The various scenarios leave few places for portfolios to hide. And sadly, hoarding Dubai crude futures isn't the answer.
"The first thing you have to wrestle with is whether this move higher in oil prices has persistence," said James Abate, investment director at GAM Fund Management Ltd. "You shouldn't do anything until you can find an answer that you can live with."
Barring any abrupt disruption of oil supplies -- a terrorist attack on oil facilities is one of the market's fears -- oil prices are likely to peak in the short term. Of course, the problem with the short term is that it could be anywhere from a week to six months away.
Some investors may want to jump into oil stocks, given their amazing track record over the past three months, even if it's just for the short term. The problem with that, analysts said, is that nobody knows when, or if, oil prices will come crashing down.
"It's the classic investor mistake," said John Lynch, chief market analyst at Evergreen Investments. "Just like the techs in 2000, everyone piles in right at the crest of the wave. I would be very, very careful about putting money into energy at this point."
Chad Cleaver, an energy analyst at Driehaus Capital Management, said there are other short-term energy opportunities besides the big oil conglomerates.

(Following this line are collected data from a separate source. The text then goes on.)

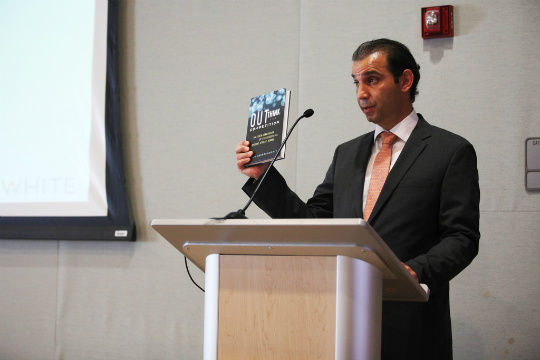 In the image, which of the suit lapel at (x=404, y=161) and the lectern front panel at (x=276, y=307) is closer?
the lectern front panel at (x=276, y=307)

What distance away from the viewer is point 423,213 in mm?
1818

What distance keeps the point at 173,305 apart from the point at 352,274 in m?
2.25

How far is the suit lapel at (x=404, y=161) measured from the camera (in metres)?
1.84

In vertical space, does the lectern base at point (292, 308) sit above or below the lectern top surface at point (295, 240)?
below

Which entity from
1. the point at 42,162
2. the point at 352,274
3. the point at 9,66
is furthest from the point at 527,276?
the point at 9,66

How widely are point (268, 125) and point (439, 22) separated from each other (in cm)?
156

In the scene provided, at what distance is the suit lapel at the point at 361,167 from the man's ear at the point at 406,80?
0.64 feet

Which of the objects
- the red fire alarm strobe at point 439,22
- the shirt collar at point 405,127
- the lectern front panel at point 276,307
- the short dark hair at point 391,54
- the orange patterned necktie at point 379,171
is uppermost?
the red fire alarm strobe at point 439,22

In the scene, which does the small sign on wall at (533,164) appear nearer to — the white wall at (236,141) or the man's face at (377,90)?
the white wall at (236,141)

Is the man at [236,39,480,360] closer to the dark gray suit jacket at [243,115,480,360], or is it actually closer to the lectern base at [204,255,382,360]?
the dark gray suit jacket at [243,115,480,360]

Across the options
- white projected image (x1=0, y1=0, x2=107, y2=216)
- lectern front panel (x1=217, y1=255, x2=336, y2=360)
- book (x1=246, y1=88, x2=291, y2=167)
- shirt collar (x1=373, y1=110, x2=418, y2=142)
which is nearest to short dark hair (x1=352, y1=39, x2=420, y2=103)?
shirt collar (x1=373, y1=110, x2=418, y2=142)

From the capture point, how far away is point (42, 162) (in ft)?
11.9

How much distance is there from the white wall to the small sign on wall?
4 centimetres

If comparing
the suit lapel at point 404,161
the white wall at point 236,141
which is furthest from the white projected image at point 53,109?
the suit lapel at point 404,161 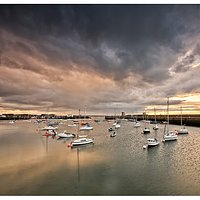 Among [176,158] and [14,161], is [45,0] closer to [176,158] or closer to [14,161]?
[14,161]

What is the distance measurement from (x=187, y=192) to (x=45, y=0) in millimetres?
5914

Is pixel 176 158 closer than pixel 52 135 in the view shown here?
Yes

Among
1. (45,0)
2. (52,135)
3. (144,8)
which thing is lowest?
(52,135)

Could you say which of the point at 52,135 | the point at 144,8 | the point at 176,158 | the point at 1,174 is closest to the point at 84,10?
the point at 144,8

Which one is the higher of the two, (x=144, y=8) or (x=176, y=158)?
(x=144, y=8)

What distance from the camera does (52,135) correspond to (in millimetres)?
23969

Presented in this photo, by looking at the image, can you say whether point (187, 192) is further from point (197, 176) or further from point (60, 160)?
point (60, 160)

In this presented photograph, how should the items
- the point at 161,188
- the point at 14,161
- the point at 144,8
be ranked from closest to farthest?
1. the point at 144,8
2. the point at 161,188
3. the point at 14,161

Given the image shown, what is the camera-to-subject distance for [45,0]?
367 cm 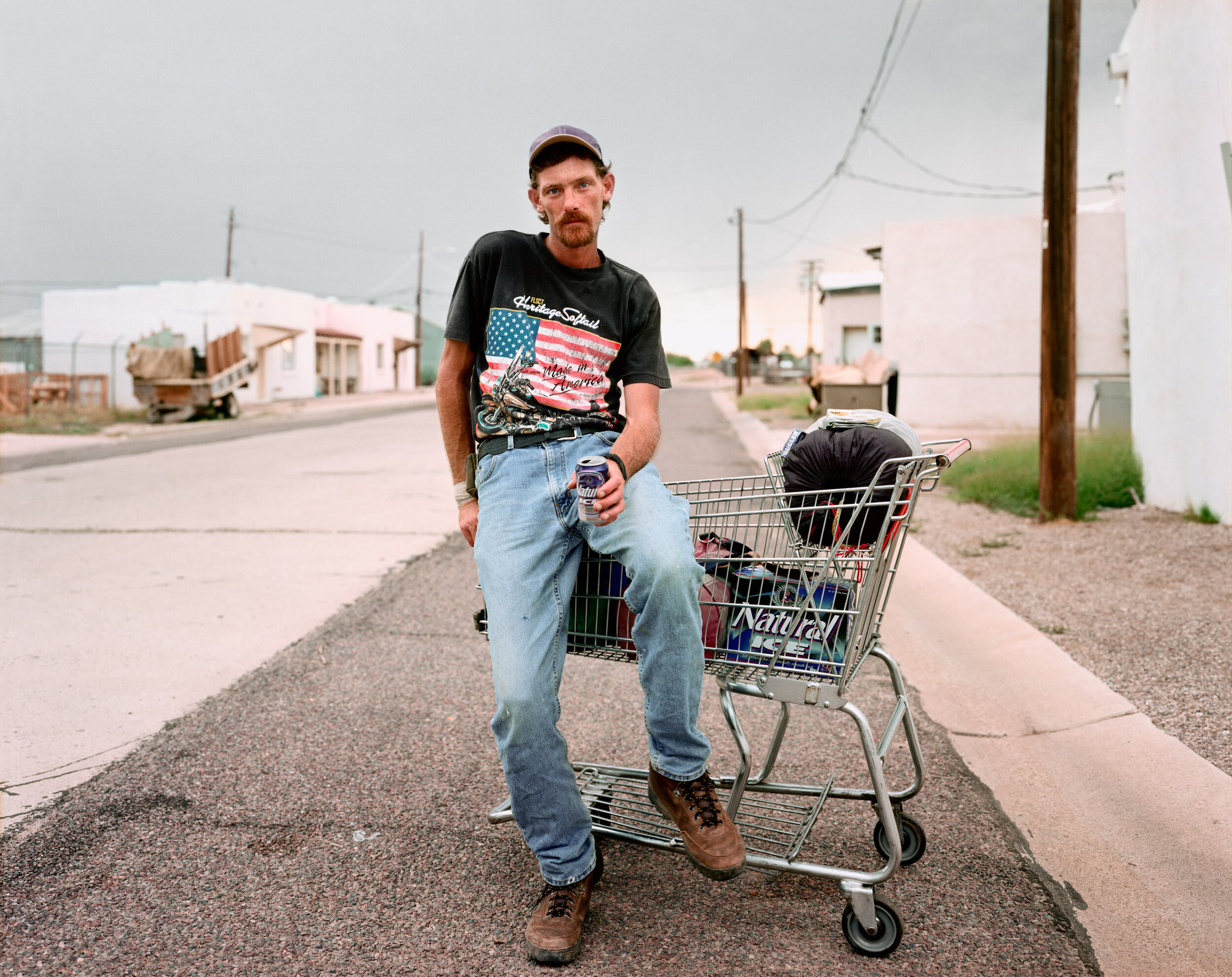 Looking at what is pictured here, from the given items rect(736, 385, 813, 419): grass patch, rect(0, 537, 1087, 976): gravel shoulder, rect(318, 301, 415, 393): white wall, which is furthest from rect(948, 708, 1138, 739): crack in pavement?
rect(318, 301, 415, 393): white wall

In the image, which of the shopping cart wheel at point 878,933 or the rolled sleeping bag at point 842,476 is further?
the rolled sleeping bag at point 842,476

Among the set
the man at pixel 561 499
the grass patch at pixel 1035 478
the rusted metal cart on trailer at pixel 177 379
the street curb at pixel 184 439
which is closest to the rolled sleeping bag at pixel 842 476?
the man at pixel 561 499

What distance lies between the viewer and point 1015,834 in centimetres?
319

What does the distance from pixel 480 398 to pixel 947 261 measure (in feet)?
71.3

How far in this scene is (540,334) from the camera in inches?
114

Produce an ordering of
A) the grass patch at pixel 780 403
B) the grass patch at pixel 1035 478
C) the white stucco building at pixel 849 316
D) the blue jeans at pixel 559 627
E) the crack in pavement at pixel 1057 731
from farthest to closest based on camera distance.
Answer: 1. the white stucco building at pixel 849 316
2. the grass patch at pixel 780 403
3. the grass patch at pixel 1035 478
4. the crack in pavement at pixel 1057 731
5. the blue jeans at pixel 559 627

"I think that there's several ways investors can play energy without worrying about getting in at the top," Cleaver said. "There are exploration and production companies, which go out and explore for new oil and produce it. There's oil service companies that build and service the rigs and pipelines, the infrastructure. And there's alternative energy, which could be riskier, but has been getting a lot more publicity lately."
Beyond the question of energy stocks, however, the spike in oil prices doesn't bode well for the overall stock market.
"Oil stocks will likely outperform the stock market, but it's going to come at the expense at the rest of the stock market not doing so well," Abate said. "The higher oil costs are going to squeeze margins for businesses, and at this point, they can't pass on their costs to consumers because they're getting squeezed at the pump."
Abate noted that the Fed, which meets Tuesday, could try to stem the rise of oil by raising short-term interest rates beyond the quarter percentage point widely expected on Wall Street. The current benchmark rate stands at 2.5 percent.
However, that would create different pressures on the economy and the stock market. While such a move would strengthen the dollar and likely help oil prices fall on international markets, the increase in the cost of capital could slow the U.S. economy as businesses find it harder to borrow money.